REQUIRED WORK:
From the records below, print only the part that opens with the line containing "Blackest Night Witch Hat" and closes with the line containing "Thumbnail Photo 4"; omit the pictures.

DATA TO PROCESS:

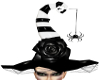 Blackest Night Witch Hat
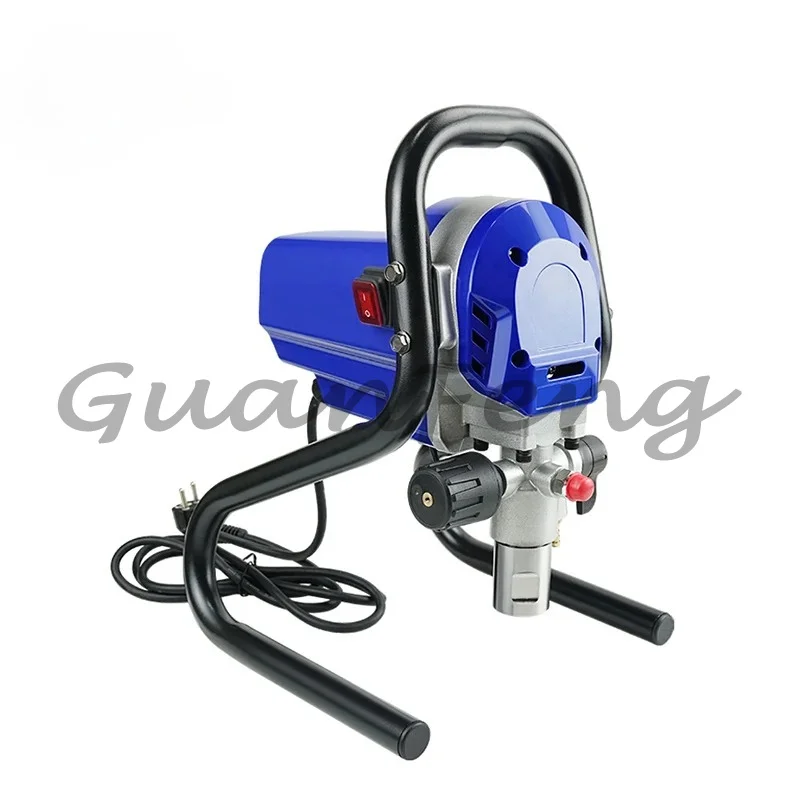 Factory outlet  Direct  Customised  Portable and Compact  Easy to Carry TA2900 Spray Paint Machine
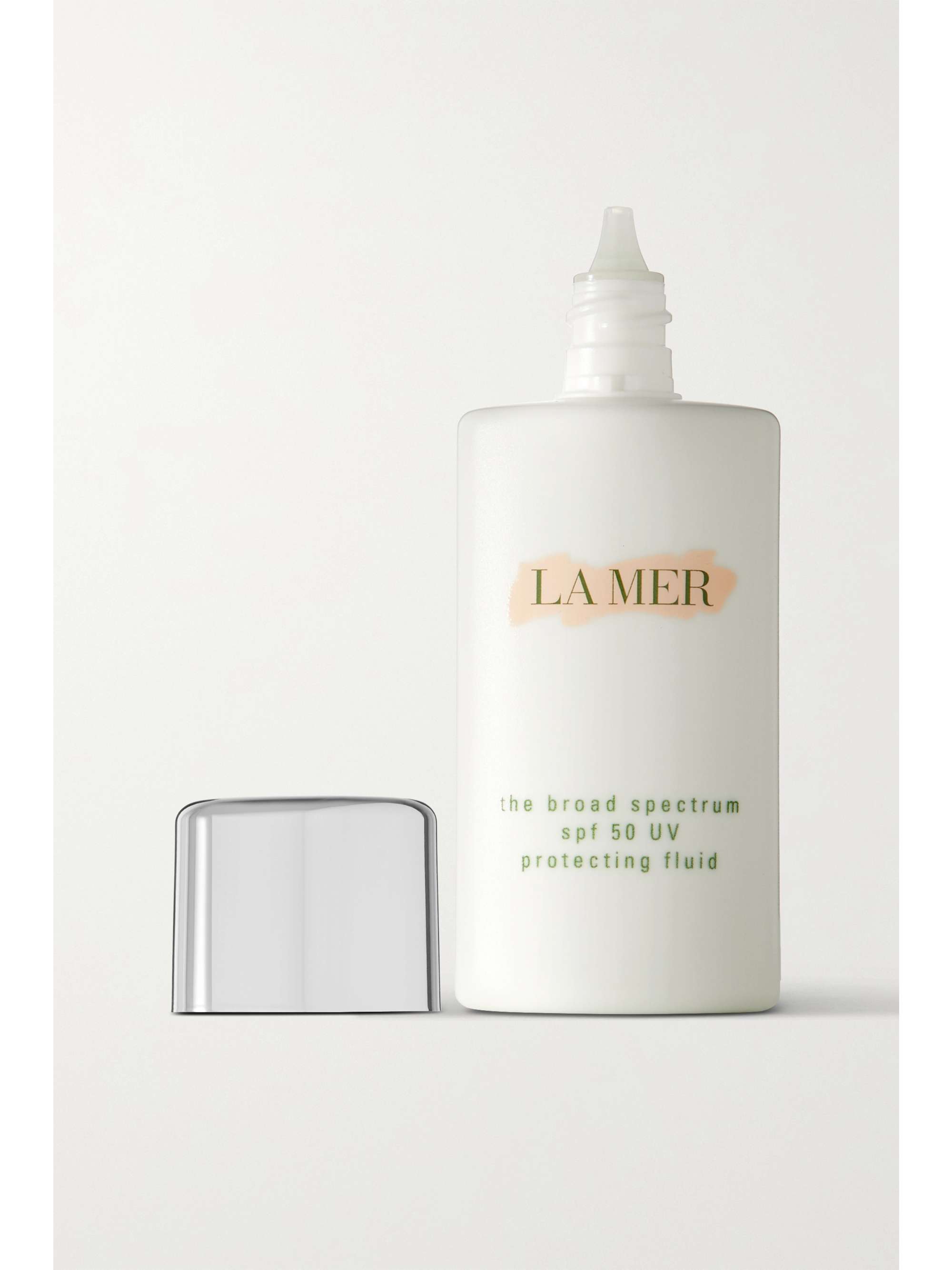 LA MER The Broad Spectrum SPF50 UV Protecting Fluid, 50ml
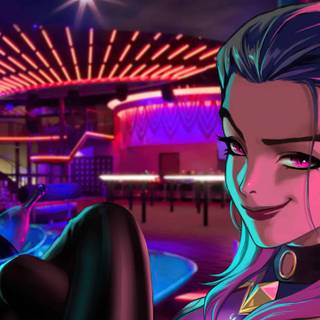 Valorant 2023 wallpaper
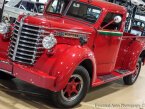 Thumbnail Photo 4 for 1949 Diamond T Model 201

--

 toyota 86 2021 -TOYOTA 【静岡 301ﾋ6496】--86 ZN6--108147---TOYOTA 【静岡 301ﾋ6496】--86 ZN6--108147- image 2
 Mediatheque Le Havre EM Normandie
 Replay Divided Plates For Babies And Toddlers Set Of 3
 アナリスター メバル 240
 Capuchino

ANSWER TO THE PROBLEM:
 Blackest Night Witch Hat
 Factory outlet  Direct  Customised  Portable and Compact  Easy to Carry TA2900 Spray Paint Machine
 LA MER The Broad Spectrum SPF50 UV Protecting Fluid, 50ml
 Valorant 2023 wallpaper
 Thumbnail Photo 4 for 1949 Diamond T Model 201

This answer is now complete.